> Raw data:
----
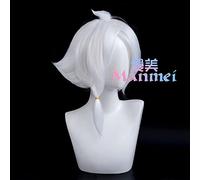 SEIZIS Cosplay Wig Le Ciel Clair Rencontre l'enfant de la lumière, Le Descendant de la lumière, la Nouvelle Coiffure de Pousse Initiale, la Perruque cos de Queue de Cochon Anti-bouclée, la Perruque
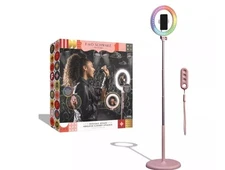 Social Star Selfie Light Stand w/ Remote & Dimmable LED Ring Light NEW°FREE SHIP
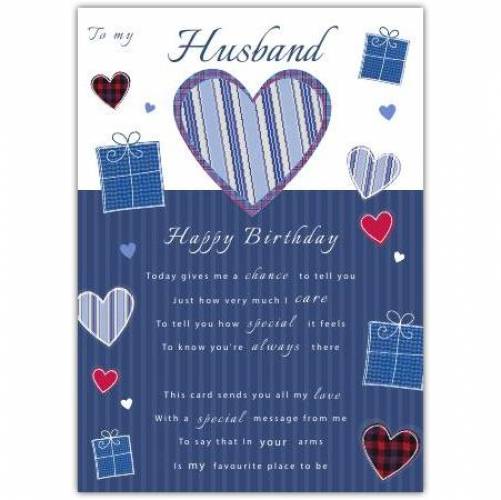 To My Husband Birthday Card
----
> Exercise directions:
Nothing but the pictures is to be left out; repeat the data exactly.

> Output:
 SEIZIS Cosplay Wig Le Ciel Clair Rencontre l'enfant de la lumière, Le Descendant de la lumière, la Nouvelle Coiffure de Pousse Initiale, la Perruque cos de Queue de Cochon Anti-bouclée, la Perruque
 Social Star Selfie Light Stand w/ Remote & Dimmable LED Ring Light NEW°FREE SHIP
 To My Husband Birthday Card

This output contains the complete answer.